How Many SSE Registers are There?
There are usually 16 registers in SSE that are referred to as XMM0, XMM1, XMM2 and so on through XMM15.
These registers are typically 128 bits wide and can be used for a variety of operations that are performed on different types of data of different sizes.
Moreover, the registers of SSE do not overlie with the floating point stack, as it is in the case of MMX.
Initially, SSE came with only eight new registers that were 128 bits wide and were referred to as XMM0, XMM1, and so on through XMM7.
On the other hand, the AMD64 extensions from AMD, which were initially called x86-64, had a further eight registers included in the design, which were named XMM8, XMM9 and so on through XMM15.
It is actually this specific extension design that is reproduced in the Intel 64 architecture. However, the registers XMM8 and higher are only accessible while using 64-bit operating mode.
In addition to that, there is another new control and status register of 32 bits available, called the MXCSR.
The use of registers and their types varied in different versions of SSE. For example, SSE only used a single data type for the XMM registers.

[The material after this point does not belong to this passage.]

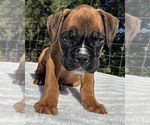 AKC Austin - Male Boxer Puppy for Sale - Photo #14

In fact, there were only four 32-bit single-precision floating-point numbers.
In comparison, the newer SSE2 version expanded its use of XMM registers and included the following:
- Two 64-bit integers or
- Two 64-bit double-precision floating-point numbers or
- Four 32-bit integers or
- Eight 16-bit short integers or
- Sixteen 8-bit bytes or characters.
However, these registers are disabled by default. This is because the 128-bit registers are typically supplementary machine states that must be preserved by the operating system while switching tasks.

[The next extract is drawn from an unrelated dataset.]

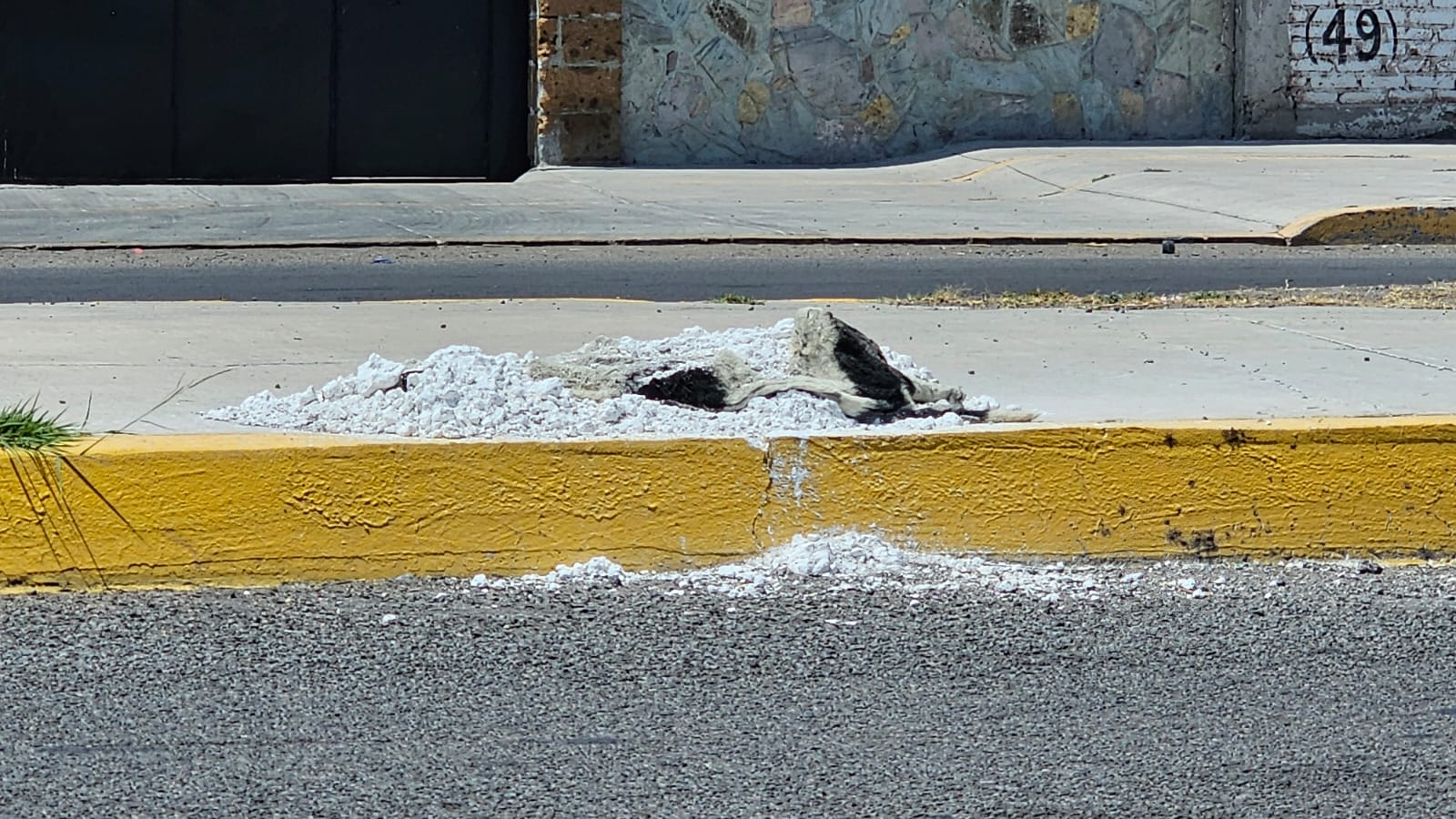 Perros sin vida permanecen durante meses en calles de #Salamanca sin que nadie los recoja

Therefore, in order to use them, the operating system has to enable them explicitly.
This means that the operating system must first be aware of how exactly it should use specific types of instructions such as the FXSAVE and FXRSTOR.

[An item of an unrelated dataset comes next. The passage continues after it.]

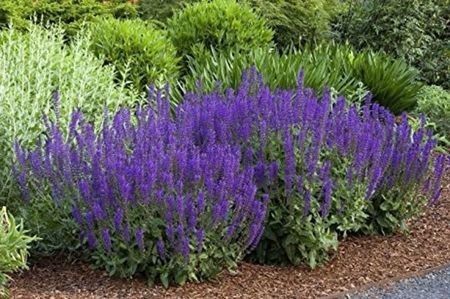 salvia x sylvestris maynacht; lavanda, soare-semiumbra, iun-aug, 70cm, 10ron, dianadia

These are the typical extended pair of instructions and are typically used to save all SSE and x86 register states straight away.
This specific feature or support was promptly added to all key IA-32 operating systems.
SSE vs AVX
- Depending on the specific version, memory and the type of processor used, SSE can perform faster than an AVX, processing a code in an image processing program in about 180 ms as opposed to 200 ms of AVX.
- The compiled SSE version may have as many as 111 instructions in comparison to 67 instructions in the AVX.
- The SSE version can process four floating points in every instruction, but in comparison, the AVX version can process eight floating points in a single instruction.
- The SSE differs from the AVX in terms of generations, where the latter is relatively newer and comes with wider vectors that provide support to more parallelism.
- While SSE can process only 128 bits in each instruction, AVX can process double that amount in every instruction.
- SSE can be used only for those processes using XMM registers, but, in comparison, AVX instructions can be used with both XMM registers as well as YMM registers.
- In SSE, generally, one of the operands of the input is overwritten, but in the case of AVX instructions these are non-destructive because there is an additional destination operand programmed with a new VEX or Vector Extension prefix.
- The SSE instruction sets, being older than AVX, are available on comparatively more hardware.
Through this article, you now surely have gained a fair bit of knowledge regarding the Streaming SIMD Extension which is a specific type of technology used by the modern CPUs.
With newer features and functionalities, it helps in handling a wide range of data sets with a single instruction and enhances performance speed.